• Data for review:
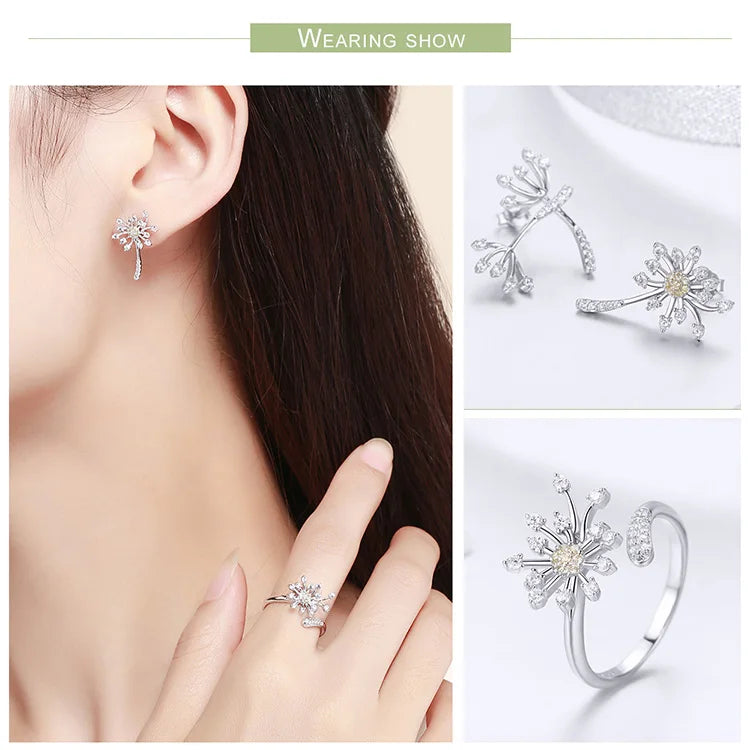 Blooming Dandelion Flower Jewelry Set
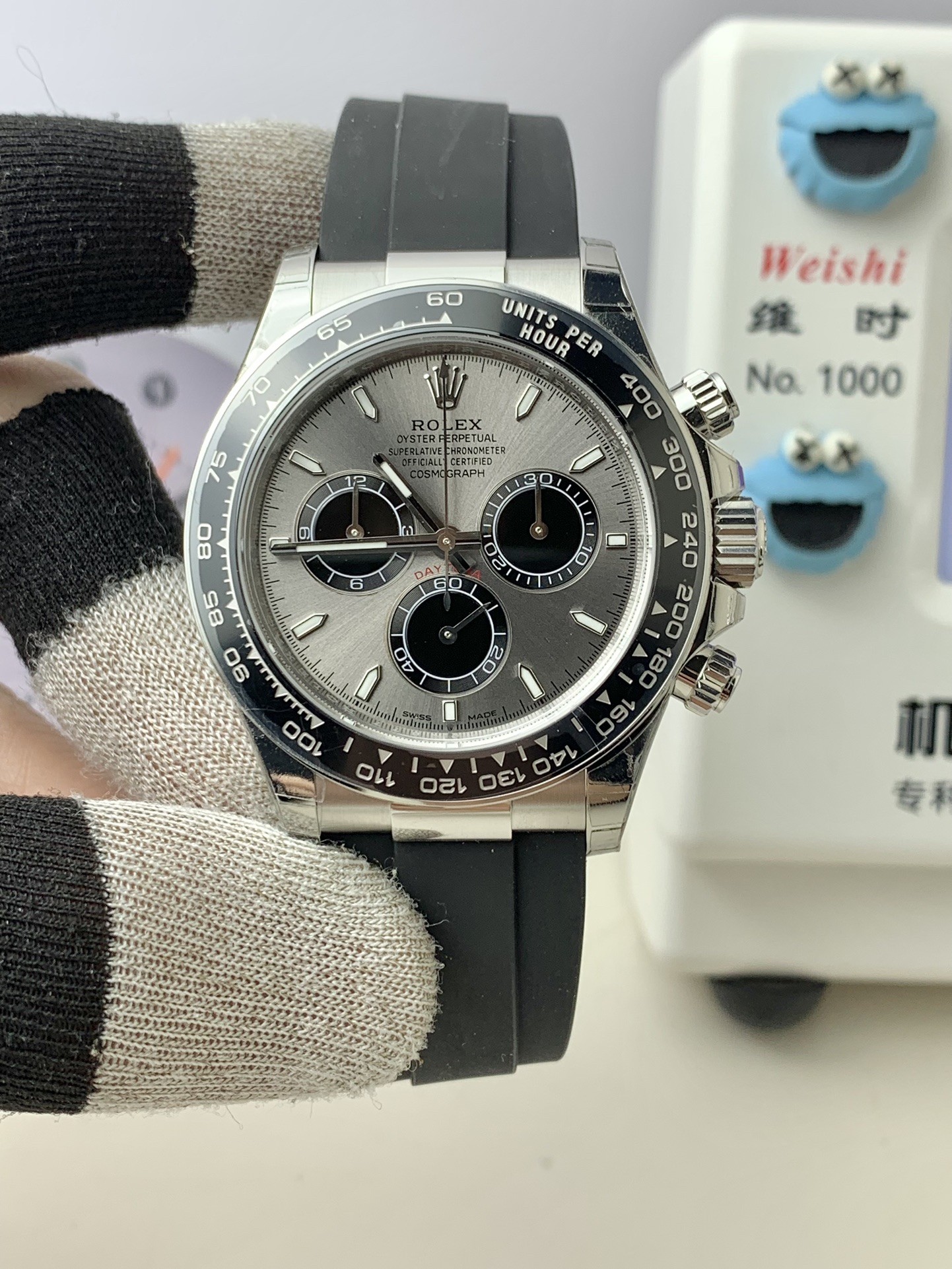 Rolxx Daytona White Gold Black Size:40mm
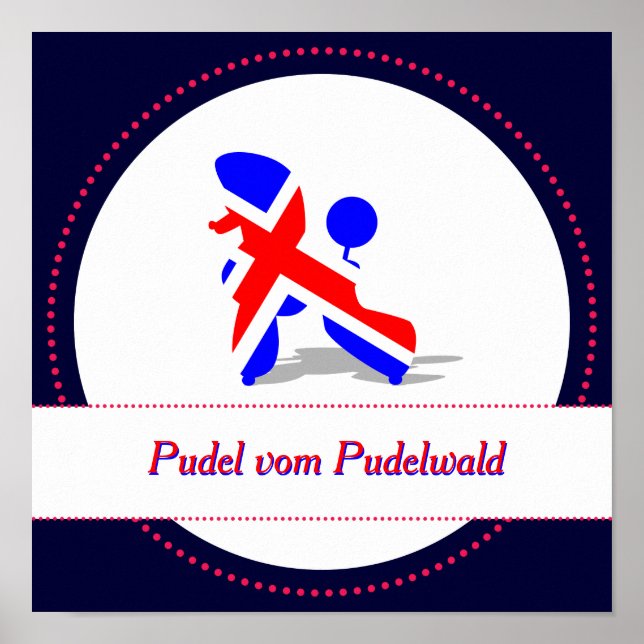 Póster Poodles patrióticos (Frente)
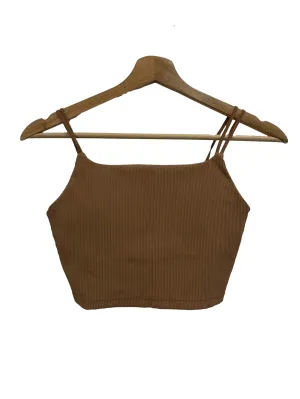 Caramel Brown Ribbed Sports Bra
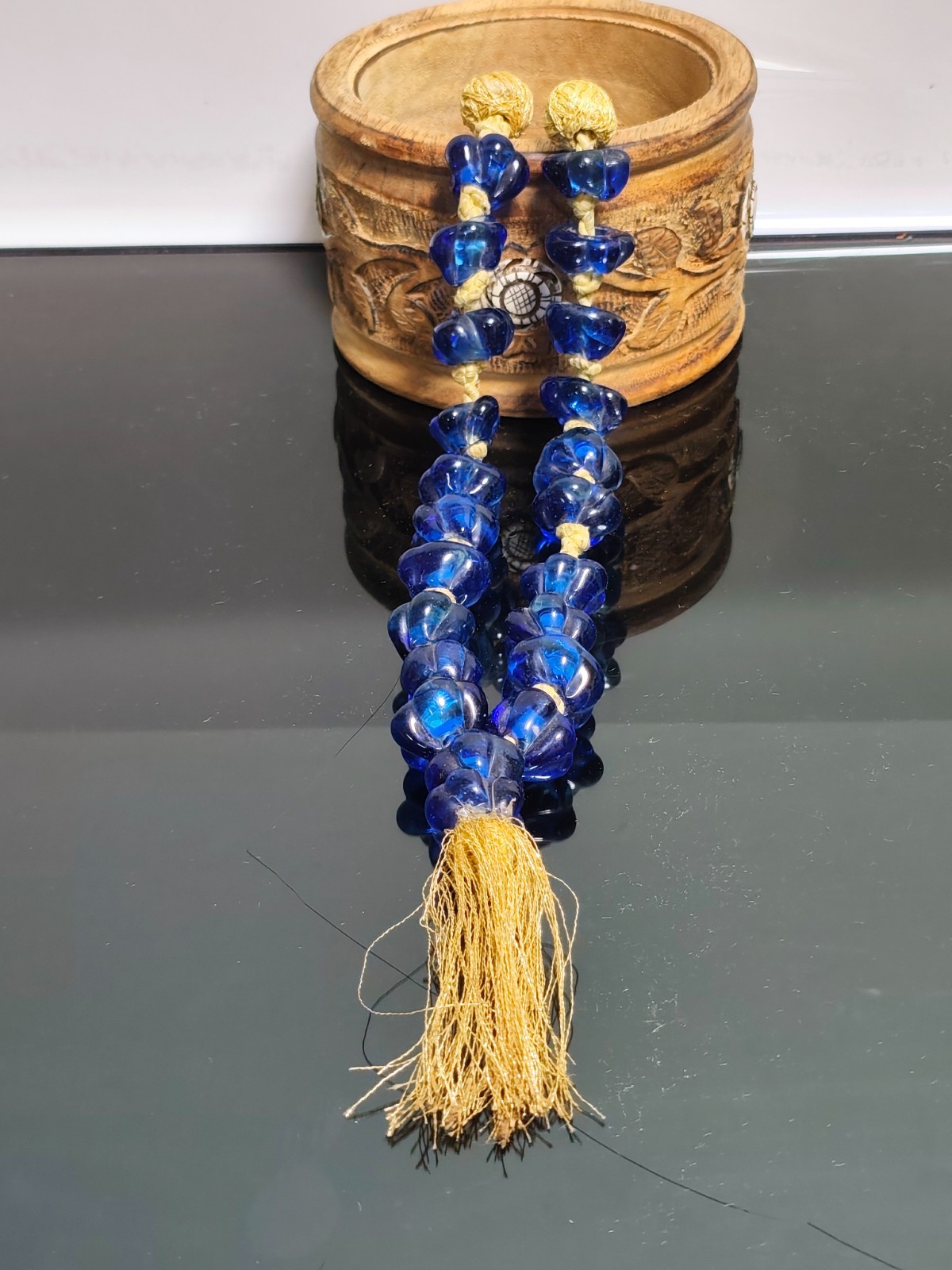 Vintage Islamic Middle Eastern Blue Glass Prayer Large Beads Decorative Rosary - Image 8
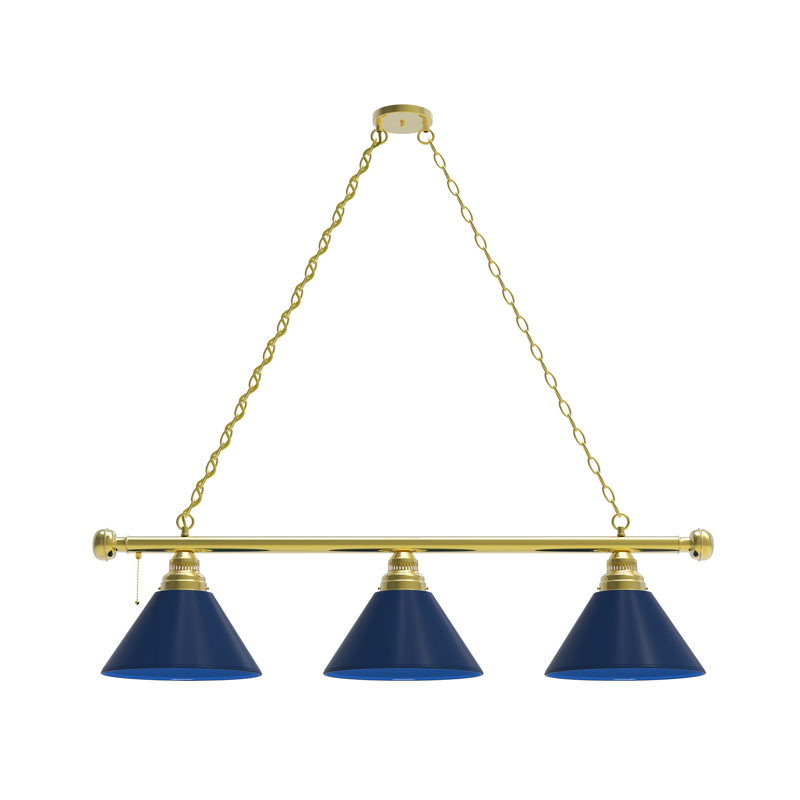 Luminaire suspendu 3 lumières pour table de billard, Laiton, Bleu foncé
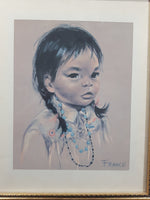 Vintage Dorothy Francis First Nations Native Child 9 3/4" x 11 3/4" Framed Painting Print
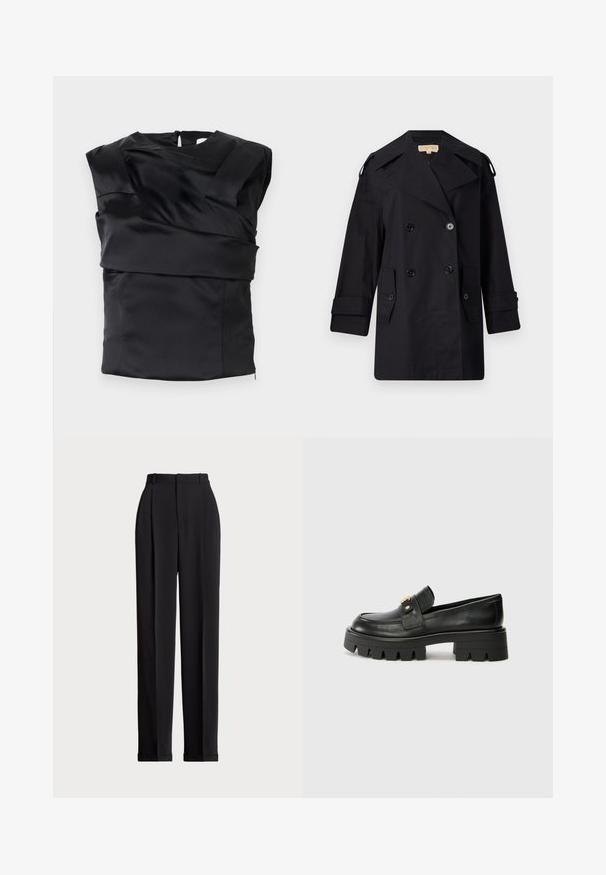 Abrigo de trinchera negro de doble botonadura con un amplio cuello, botones y bolsillos laterales. Fabricado en una tela suave con un corte recto y mangas con puños.; Top de satén negro con un diseño estructurado, hombros anchos y un panel frontal asimétrico, cerrado con una cremallera en la parte posterior.; Pantalones negros a medida con una cintura alta, que cuentan con pliegues en la parte delantera, un diseño de pierna recta y dobladillo con vuelta. Fabricados con un tejido suave.; Mocasines de cuero negro con una suela gruesa, que presentan un acento en tono dorado en la parte delantera y un acabado suave. Diseño de suela con dibujo grueso.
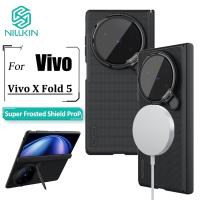 ราคา Nillkin Super Frosted Shield Prop เคสแม่เหล็กสําหรับ vivo X Fold5/X พับ 5 8.03′′′ เปิดเคสกล้อง Flip Mount Ultra Thin Matte PC ป้องกันกันกระแทกฝาหลัง (26839472381)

• Exercise prompt:
Above are the records; repeat their lines from the first through the line containing "Vintage Dorothy Francis", and leave out each picture.

• Solution:
 Blooming Dandelion Flower Jewelry Set
 Rolxx Daytona White Gold Black Size:40mm
 Póster Poodles patrióticos (Frente)
 Caramel Brown Ribbed Sports Bra
 Vintage Islamic Middle Eastern Blue Glass Prayer Large Beads Decorative Rosary - Image 8
 Luminaire suspendu 3 lumières pour table de billard, Laiton, Bleu foncé
 Vintage Dorothy Francis First Nations Native Child 9 3/4" x 11 3/4" Framed Painting Print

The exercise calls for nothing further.